(Invited) Phase and Stacking of 2D Materials in Heterostructures and Dislocated Nanoplates Impact Their Properties and Applications

Tuesday, 3 October 2017: 14:30
Chesapeake E (Gaylord National Resort and Convention Center)
S. Jin (Department of Chemistry, UW-Madison)
The interesting and tunable properties of layered metal dichalcogenides (MX2) and other layered materials heavily depend on their phase and layer stacking. We discovered that chemical exfoliation of layered MX2 nanosheets and the simultaneous conversion from the semiconducting 2H polymorph to the metallic 1T polymorph grants greatly enhanced activity for electrocatalytic hydrogen evolution reaction (HER). We have also developed layer-controlled vertical heterostructures of MX2 by van der Waals epitaxy that have strong electronic interactions across the heterojunctions that can be useful for solar energy conversion.
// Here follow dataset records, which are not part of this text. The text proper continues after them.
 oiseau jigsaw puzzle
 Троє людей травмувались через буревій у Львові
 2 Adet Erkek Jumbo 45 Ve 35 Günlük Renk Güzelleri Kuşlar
We further show and explain how the layer stacking and physical properties of MX2 are influenced by screw dislocations. A one-to-one correlation of atomic force microscopy and high- and low-frequency Raman spectroscopy of many dislocated WSe2 nanoplates reveals variations in the number and shapes of dislocation spirals and different layer stackings that are determined by the number, rotation, and location of the dislocations. These lead to three class of behaviors: plates with triangular dislocation spirals have non-centrosymmetric stacking that gives rise to strong second-harmonic generation, plates with hexagonal dislocation spirals form the bulk 2H layer stacking commonly observed, and plates containing mixed dislocation shapes have intermediate non-centrosymmetric stackings with mixed properties.